Los elfos permanecían fieles a su modo de vida, alejados de cualquier otra persona, incluso en este lugar. Pasaban la mayor parte de su tiempo en el jardín en comunión entre sí y en armonía con la naturaleza. Sylldia era la única con la que hablaban, aunque rara vez. Y ella había aprendido sus nombres. Había tres mujeres, de entre ciento cincuenta y ocho, y doscientos veinte años: Dirta, Ilfela, Medeh, todas ellas dotadas de una belleza sin igual; y dos hombres elfos Glordrel y Draldor, el más joven y el más abierto de espíritu entre ellos.

 

Sylldia cuidaba muy bien de los invitados a petición de Aidan. Este último no perdía las ocasiones de admirar estos seres sublimes de lejos. A veces pasaba tiempo en el jardín, lejos de ellos, por supuesto.

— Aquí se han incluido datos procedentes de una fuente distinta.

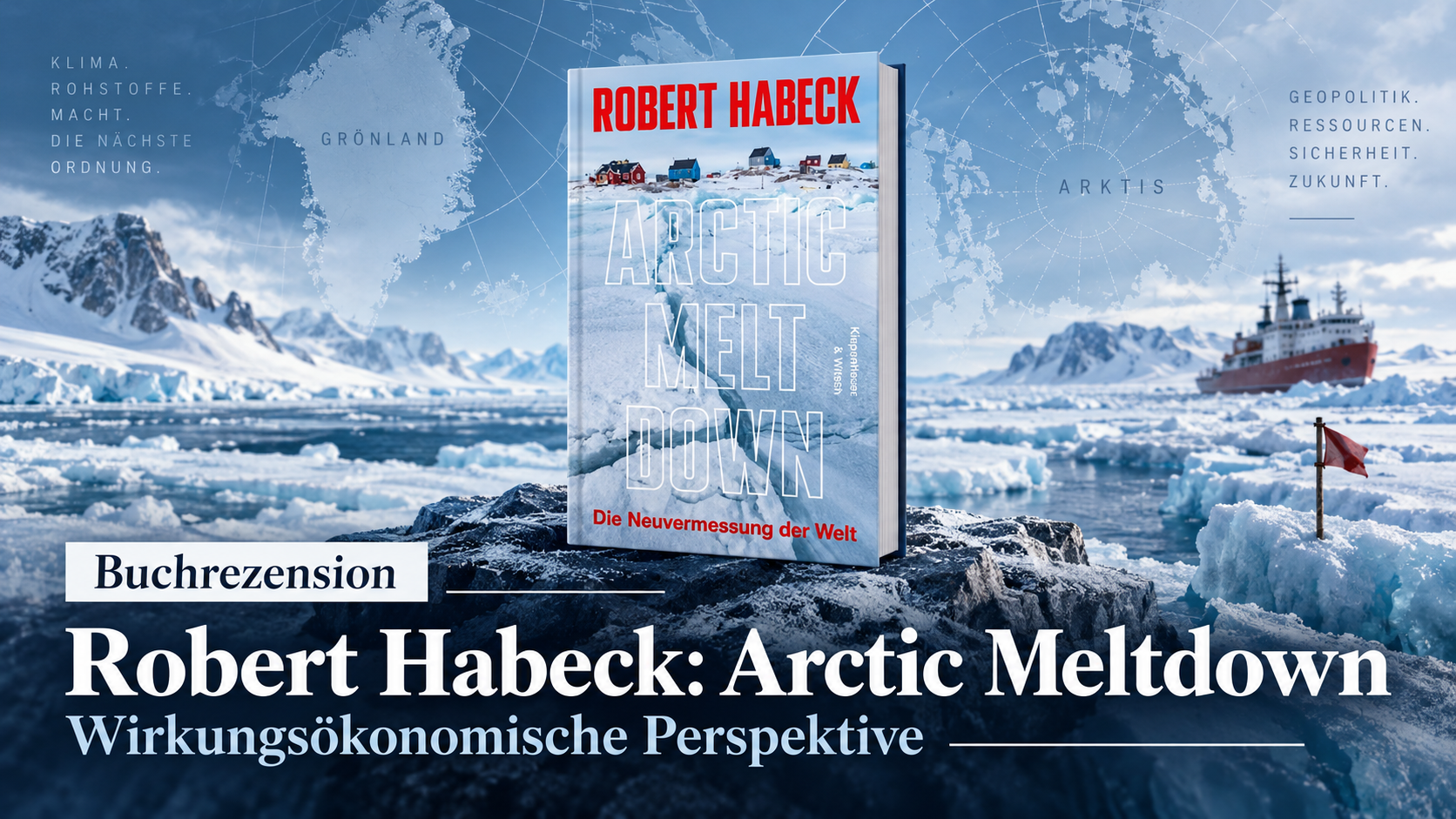 KI-generierte redaktionelle Titelillustration zur Buchrezension: Arctic Meltdown von Robert Habeck vor einer arktischen Eislandschaft mit Grönlandkarte und Schiff. Keine offizielle Buchabbildung.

Al joven señor le habría gustado tanto conversar con ellos, hacerles preguntas diversas, pero respetaba su creencia, su modo de vida, dejándolos así tranquilos. Sin embargo, seguía atento a su bienestar.

 

— Sylldia, ¿nuestros amigos tienen todo lo que necesitan? ¿Se sienten bien aquí? — preguntó a la joven dragón que venía a sentarse a su lado en un rincón del jardín.

 

— Sí...aunque tengo la impresión de que quieren estar en otro lugar. — le respondió con aplomo.

 

— Lo sé. Gracias por cuidar de ellos. Lo que sea que necesiten hágamelo saber a mí o a Assdan, ¿de acuerdo? — replicó.